• _WHAT YOU HAVE TO DO_: Exactly as they appear, please output the lines from the one with "L&rsquo;evoluzione del tassello" through the end of the material, without pictures.

• _COLLECTED DATA_:

--- START ---

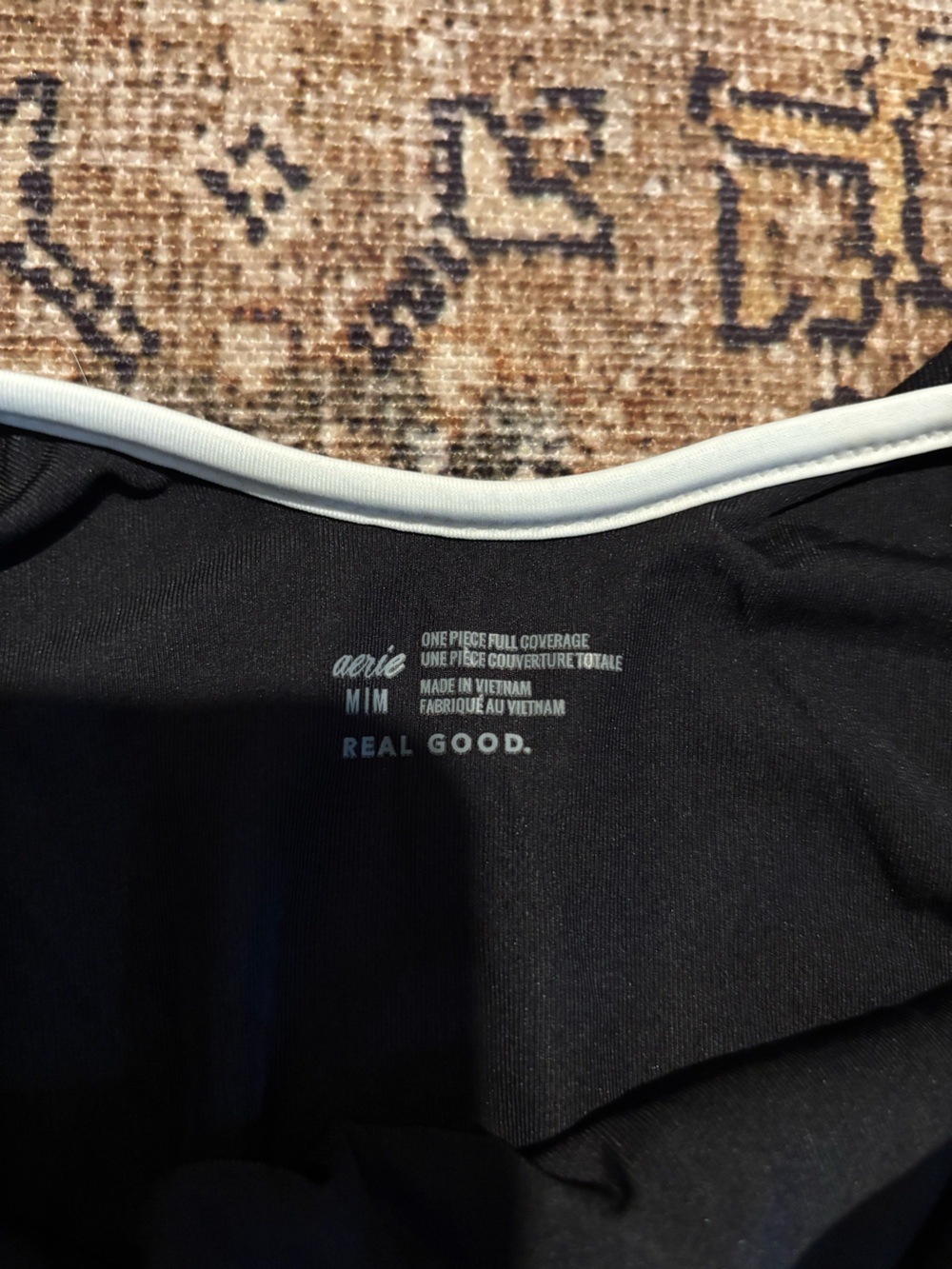 Aerie Shine Henley One Piece Swimsuit - Picture 8 of 13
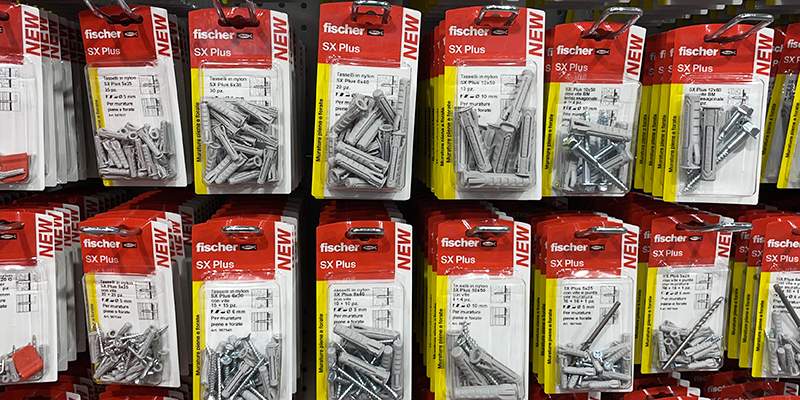 L&rsquo;evoluzione del tassello con SX Plus di Fischer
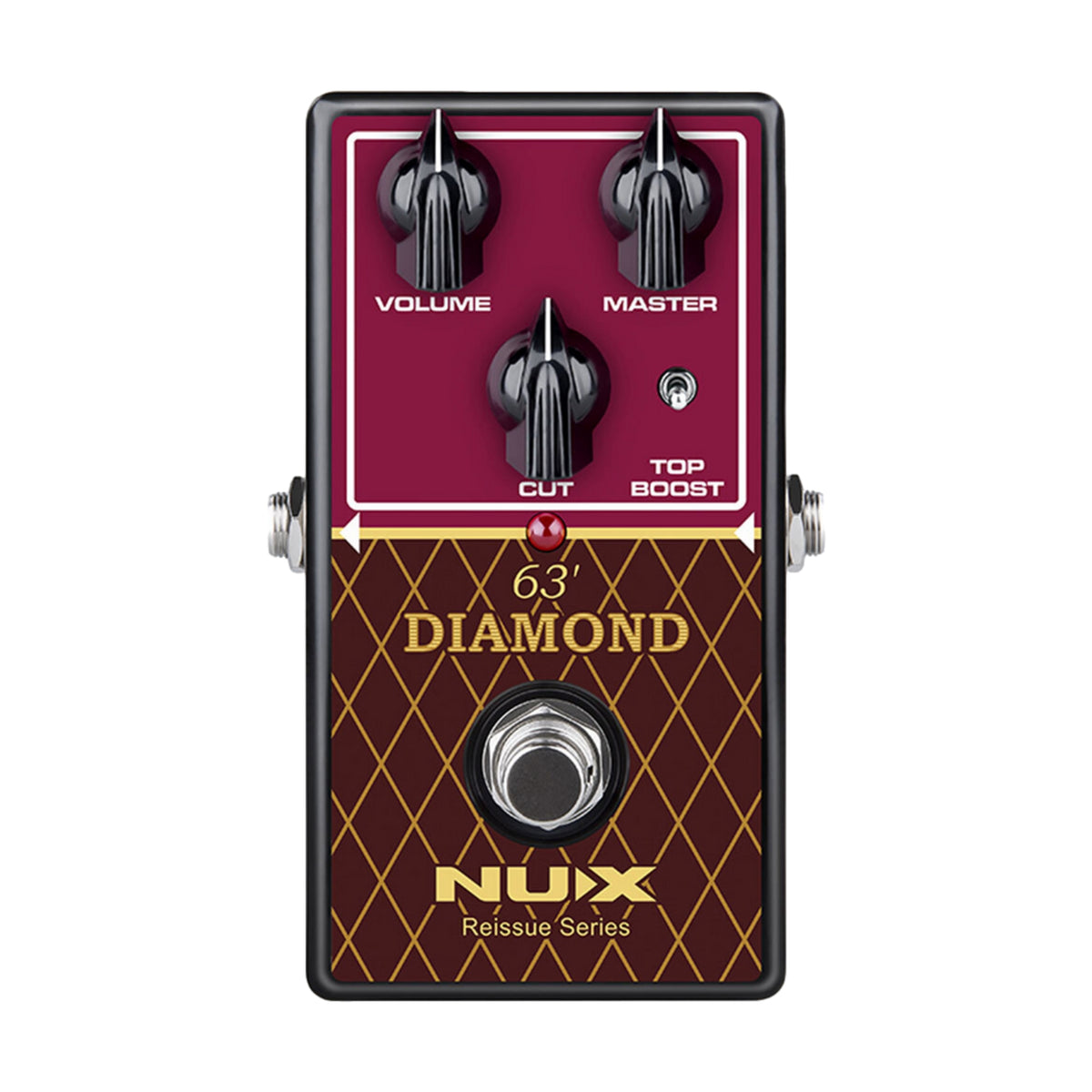 Nux Reissue Series 63&#39; Diamond Overdrive Effects Pedal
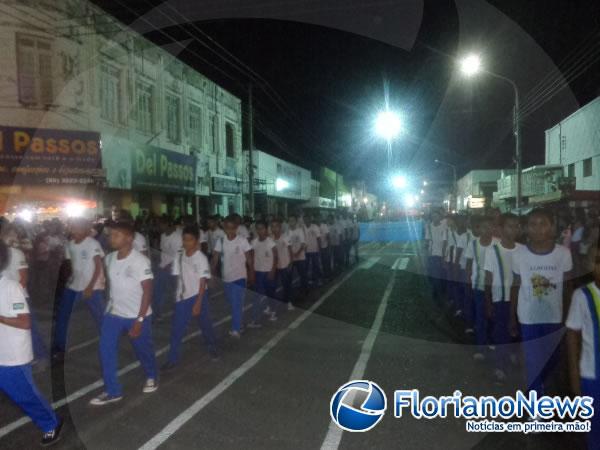 Desfile cívico de 7 de setembro(Imagem:FlorianoNews)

--- END ---

• _EXERCISE SOLUTION_:
 L&rsquo;evoluzione del tassello con SX Plus di Fischer
 Nux Reissue Series 63&#39; Diamond Overdrive Effects Pedal
 Desfile cívico de 7 de setembro(Imagem:FlorianoNews)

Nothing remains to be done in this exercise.